Supporters, Critics Sound Off About Tort Reform Proposal

By Marti Mikkelson
Milwaukee Public Radio - WUWM
January 7, 2011

Gov. Scott Walker wants the legislature to pass several measures by March that he says will help businesses create more jobs. One proposal would rein-in the types of lawsuits people could file against small businesses. The bill is on a fast track, with a hearing scheduled for next week. As WUWM’s Marti Mikkelson reports, there’s mixed reaction to the call for tort reform.

One of Gov. Walker’s proposals would require people to sue the manufacturer, if they purchase a faulty product, instead of going after the retailer who sold it. Another measure would limit the amount of money a person could get if they sued someone for damaging actions. Bill Smith supports the changes. He belongs to the business advocacy group, Wisconsin Civil Justice Council. Smith says businesses should be spending their money on hiring more workers, rather than using it for coverage against potential lawsuits.

“We want to make sure that the resources that are generated in our business community are available to reinvest in those businesses and not grow the legal climate,” Smith says.

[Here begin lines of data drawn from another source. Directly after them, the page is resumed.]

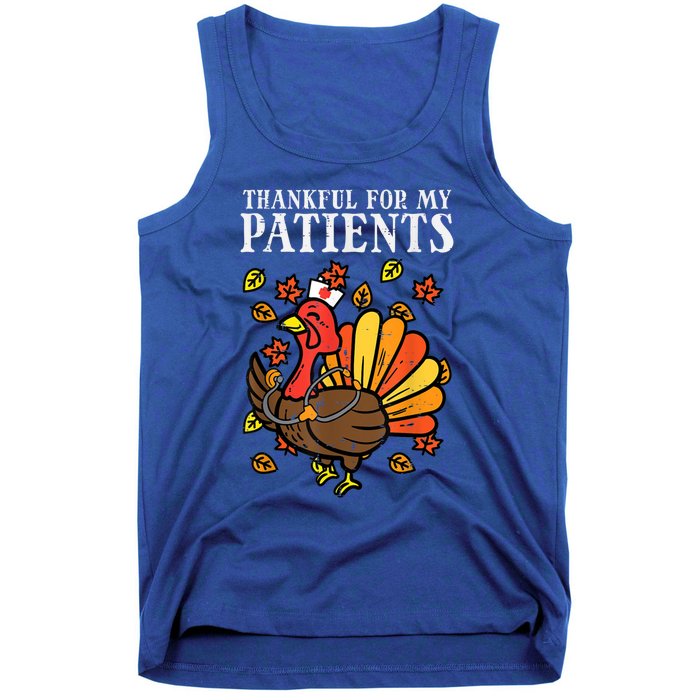 Thankful For Patients Turkey Nurse Thanksgiving Scrub Cool Gift Tank Top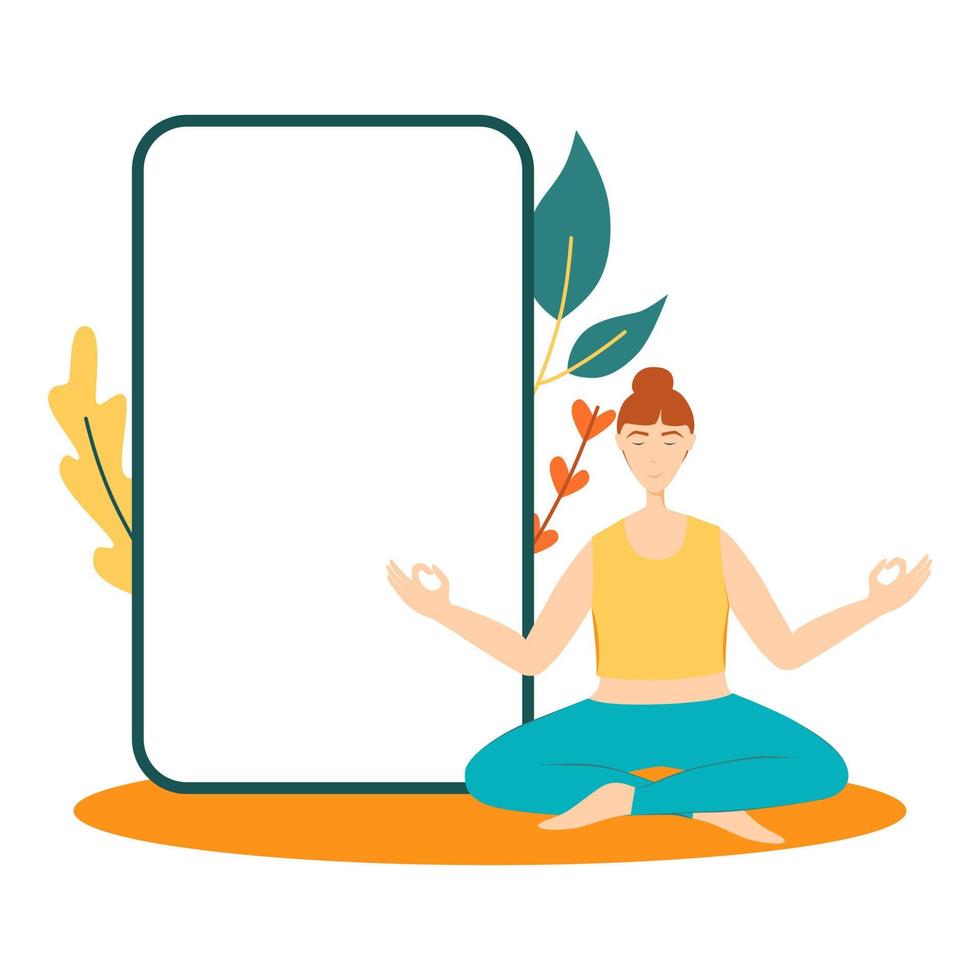 mujer en pose de yoga con imágenes prediseñadas de marco de teléfono inteligente vector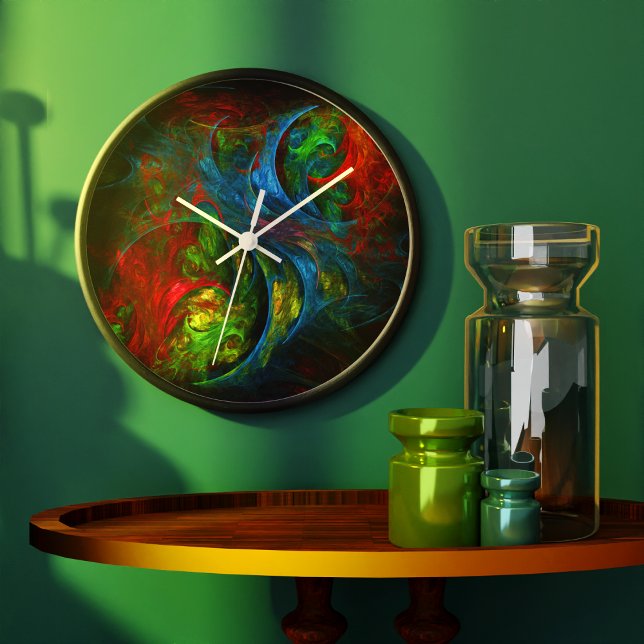 Grande Horloge Ronde Genesis Blue Art Abstrait Round (Genesis Blue Abstract Art Round Wall Clock)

Smith says some companies are hesitant to locate in Wisconsin because they believe the state’s litigation climate is hostile to business. He says the proposed reforms would send a different message to companies and to some people thinking of suing.

“We have a pretty good statute in Wisconsin dealing with frivolous lawsuits already but this proposal would restate and make sure that when a case is brought, when a lawsuit is filed, that it is filed on behalf of parties that have legitimate basis for that lawsuit,” Smith says.

Among those who criticize the proposals are trial attorneys. Mike End of the group, Wisconsin Association for Justice, does not think the reforms would create many new jobs. He says that’s because product liability and personal injury lawsuits make up only a small portion of the state’s civil suits.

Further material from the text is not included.